Action item: Beginning at the line that contains "NWT Levi 501", repeat every line of the listing exactly through the final one.

Task inputs:

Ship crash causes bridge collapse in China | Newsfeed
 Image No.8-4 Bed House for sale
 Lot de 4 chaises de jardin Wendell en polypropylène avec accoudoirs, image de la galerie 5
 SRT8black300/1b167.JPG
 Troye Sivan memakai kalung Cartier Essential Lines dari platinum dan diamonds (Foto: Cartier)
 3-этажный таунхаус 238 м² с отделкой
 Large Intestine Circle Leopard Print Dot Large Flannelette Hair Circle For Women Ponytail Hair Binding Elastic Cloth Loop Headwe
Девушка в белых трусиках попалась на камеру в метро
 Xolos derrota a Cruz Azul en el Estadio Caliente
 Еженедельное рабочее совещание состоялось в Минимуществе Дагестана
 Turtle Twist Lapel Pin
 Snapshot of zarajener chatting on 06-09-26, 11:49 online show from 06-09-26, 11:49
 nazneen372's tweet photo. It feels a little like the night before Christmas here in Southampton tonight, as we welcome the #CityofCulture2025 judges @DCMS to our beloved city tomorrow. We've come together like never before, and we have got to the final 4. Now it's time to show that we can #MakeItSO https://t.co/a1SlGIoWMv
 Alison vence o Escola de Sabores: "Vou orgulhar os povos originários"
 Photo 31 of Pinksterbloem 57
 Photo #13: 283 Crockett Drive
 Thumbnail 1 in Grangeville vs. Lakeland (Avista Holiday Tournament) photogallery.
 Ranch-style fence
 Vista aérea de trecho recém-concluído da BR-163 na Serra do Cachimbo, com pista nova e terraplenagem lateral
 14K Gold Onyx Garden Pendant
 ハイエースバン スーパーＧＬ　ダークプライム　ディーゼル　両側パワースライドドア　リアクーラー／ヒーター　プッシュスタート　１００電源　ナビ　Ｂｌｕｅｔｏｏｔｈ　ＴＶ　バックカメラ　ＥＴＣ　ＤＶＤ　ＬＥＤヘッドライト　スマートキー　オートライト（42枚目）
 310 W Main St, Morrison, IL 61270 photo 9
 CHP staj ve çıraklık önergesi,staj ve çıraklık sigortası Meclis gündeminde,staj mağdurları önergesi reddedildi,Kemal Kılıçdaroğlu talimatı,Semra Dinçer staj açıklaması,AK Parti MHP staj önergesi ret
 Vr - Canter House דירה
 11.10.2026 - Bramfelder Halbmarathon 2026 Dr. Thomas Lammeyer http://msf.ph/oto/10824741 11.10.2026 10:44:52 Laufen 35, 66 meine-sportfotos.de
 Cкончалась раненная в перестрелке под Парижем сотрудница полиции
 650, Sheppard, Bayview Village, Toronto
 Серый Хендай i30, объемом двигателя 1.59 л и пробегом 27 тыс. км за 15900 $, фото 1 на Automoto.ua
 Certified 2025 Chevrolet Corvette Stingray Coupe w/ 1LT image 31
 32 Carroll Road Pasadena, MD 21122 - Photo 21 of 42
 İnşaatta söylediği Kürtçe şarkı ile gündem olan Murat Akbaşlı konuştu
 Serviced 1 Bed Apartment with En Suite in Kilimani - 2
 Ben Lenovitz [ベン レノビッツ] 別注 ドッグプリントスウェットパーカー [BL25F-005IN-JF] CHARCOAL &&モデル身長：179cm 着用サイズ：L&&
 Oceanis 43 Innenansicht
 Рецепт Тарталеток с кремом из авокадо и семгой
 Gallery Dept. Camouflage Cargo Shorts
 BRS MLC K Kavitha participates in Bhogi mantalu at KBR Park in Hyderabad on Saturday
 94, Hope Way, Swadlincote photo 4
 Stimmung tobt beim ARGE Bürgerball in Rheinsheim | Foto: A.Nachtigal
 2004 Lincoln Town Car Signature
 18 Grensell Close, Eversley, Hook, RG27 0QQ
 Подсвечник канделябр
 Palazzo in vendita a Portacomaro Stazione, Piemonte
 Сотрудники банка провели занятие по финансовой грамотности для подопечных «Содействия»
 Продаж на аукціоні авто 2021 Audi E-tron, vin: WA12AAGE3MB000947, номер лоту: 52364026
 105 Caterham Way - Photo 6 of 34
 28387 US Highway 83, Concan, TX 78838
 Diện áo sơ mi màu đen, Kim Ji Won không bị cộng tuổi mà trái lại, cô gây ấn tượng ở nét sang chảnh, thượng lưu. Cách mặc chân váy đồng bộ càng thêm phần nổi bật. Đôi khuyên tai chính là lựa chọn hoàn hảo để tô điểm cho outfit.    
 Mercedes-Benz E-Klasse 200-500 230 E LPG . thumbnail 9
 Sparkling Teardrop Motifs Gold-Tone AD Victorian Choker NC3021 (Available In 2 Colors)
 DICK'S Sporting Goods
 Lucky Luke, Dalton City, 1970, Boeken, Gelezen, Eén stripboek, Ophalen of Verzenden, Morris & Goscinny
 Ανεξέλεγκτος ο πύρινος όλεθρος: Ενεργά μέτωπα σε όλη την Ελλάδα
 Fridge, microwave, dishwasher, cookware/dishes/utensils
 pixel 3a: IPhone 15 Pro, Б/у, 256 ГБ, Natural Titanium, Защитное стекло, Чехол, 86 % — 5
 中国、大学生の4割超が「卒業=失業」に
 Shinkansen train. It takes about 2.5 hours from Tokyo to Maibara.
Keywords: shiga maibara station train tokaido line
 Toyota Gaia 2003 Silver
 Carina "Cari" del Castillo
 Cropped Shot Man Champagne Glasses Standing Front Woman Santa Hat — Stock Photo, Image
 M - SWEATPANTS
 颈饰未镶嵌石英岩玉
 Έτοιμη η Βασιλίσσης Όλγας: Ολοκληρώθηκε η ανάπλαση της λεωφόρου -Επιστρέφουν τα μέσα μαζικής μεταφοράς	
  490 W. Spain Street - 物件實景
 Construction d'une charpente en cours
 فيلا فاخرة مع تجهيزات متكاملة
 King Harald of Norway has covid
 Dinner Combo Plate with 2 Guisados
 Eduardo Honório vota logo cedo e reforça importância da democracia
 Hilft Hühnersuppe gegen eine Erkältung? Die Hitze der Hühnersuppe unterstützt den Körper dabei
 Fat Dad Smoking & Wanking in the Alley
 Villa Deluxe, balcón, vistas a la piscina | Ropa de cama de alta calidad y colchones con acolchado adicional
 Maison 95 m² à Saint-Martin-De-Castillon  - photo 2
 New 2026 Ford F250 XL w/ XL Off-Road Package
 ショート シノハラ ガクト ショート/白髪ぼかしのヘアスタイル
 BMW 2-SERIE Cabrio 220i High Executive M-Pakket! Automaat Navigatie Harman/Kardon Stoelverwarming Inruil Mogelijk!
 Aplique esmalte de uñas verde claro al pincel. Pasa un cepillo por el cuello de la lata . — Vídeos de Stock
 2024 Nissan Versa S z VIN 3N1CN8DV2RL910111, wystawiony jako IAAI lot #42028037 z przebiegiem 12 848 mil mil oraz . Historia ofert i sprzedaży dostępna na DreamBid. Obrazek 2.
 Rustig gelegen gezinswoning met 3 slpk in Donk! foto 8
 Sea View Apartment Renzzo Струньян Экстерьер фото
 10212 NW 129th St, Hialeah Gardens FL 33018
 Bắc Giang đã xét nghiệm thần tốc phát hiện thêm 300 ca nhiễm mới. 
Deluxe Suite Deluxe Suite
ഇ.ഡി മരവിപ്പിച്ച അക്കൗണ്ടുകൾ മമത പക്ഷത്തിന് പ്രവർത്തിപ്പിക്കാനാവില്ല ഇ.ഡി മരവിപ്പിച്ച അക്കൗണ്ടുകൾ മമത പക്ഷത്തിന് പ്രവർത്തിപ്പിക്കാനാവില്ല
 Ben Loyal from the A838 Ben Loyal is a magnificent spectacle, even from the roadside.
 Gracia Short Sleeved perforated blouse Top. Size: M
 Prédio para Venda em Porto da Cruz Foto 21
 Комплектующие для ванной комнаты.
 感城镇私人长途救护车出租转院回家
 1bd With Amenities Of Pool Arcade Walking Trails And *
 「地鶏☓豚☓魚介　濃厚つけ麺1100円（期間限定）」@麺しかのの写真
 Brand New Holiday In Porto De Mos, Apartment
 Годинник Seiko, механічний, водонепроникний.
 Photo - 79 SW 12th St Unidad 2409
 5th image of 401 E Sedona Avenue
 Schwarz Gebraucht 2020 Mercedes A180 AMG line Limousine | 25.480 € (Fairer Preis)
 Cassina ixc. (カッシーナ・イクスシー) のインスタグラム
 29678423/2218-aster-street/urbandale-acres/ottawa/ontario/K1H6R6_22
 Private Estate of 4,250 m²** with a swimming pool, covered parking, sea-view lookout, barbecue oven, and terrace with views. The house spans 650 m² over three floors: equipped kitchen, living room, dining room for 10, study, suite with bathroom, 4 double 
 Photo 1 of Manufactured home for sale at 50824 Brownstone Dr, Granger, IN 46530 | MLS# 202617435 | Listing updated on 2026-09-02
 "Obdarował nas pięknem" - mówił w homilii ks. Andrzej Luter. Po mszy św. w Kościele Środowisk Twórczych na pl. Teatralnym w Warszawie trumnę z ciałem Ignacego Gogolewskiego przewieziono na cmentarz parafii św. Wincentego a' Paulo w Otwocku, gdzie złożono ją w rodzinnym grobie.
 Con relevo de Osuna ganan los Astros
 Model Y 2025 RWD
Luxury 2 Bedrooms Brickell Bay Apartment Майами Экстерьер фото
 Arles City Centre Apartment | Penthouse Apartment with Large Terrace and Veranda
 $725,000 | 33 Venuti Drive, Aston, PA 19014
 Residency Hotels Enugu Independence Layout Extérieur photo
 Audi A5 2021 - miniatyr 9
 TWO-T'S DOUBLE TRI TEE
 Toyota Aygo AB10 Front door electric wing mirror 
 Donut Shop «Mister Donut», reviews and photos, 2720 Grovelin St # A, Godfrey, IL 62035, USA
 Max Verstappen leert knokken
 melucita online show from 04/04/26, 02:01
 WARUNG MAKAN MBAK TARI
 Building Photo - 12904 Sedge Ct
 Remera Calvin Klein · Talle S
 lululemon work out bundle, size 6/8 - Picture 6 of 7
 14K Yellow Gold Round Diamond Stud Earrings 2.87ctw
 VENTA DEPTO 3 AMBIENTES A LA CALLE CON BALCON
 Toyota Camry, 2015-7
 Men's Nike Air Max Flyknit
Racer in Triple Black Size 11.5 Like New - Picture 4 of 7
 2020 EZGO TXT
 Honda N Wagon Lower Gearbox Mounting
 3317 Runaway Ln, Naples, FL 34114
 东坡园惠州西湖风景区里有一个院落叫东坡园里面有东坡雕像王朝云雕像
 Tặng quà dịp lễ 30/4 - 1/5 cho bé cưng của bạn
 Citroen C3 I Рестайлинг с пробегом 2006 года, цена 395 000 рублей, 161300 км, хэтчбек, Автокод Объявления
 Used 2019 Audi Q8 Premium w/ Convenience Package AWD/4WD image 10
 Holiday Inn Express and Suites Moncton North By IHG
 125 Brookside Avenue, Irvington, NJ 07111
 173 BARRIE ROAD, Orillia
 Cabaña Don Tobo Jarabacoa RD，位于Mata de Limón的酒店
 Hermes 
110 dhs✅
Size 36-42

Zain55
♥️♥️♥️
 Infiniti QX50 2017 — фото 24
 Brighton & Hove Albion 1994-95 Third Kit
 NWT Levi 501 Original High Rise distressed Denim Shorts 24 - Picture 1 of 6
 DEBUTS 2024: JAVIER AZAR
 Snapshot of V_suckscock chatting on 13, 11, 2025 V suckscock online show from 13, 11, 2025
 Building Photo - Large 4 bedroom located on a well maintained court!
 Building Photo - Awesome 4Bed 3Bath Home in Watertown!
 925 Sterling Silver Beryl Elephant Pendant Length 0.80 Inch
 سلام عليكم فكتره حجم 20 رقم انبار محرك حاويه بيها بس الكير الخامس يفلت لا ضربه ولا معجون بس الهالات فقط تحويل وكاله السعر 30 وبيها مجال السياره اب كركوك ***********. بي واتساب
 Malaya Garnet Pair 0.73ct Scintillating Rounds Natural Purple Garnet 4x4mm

Response area:
 NWT Levi 501 Original High Rise distressed Denim Shorts 24 - Picture 1 of 6
 DEBUTS 2024: JAVIER AZAR
 Snapshot of V_suckscock chatting on 13, 11, 2025 V suckscock online show from 13, 11, 2025
 Building Photo - Large 4 bedroom located on a well maintained court!
 Building Photo - Awesome 4Bed 3Bath Home in Watertown!
 925 Sterling Silver Beryl Elephant Pendant Length 0.80 Inch
 سلام عليكم فكتره حجم 20 رقم انبار محرك حاويه بيها بس الكير الخامس يفلت لا ضربه ولا معجون بس الهالات فقط تحويل وكاله السعر 30 وبيها مجال السياره اب كركوك ***********. بي واتساب
 Malaya Garnet Pair 0.73ct Scintillating Rounds Natural Purple Garnet 4x4mm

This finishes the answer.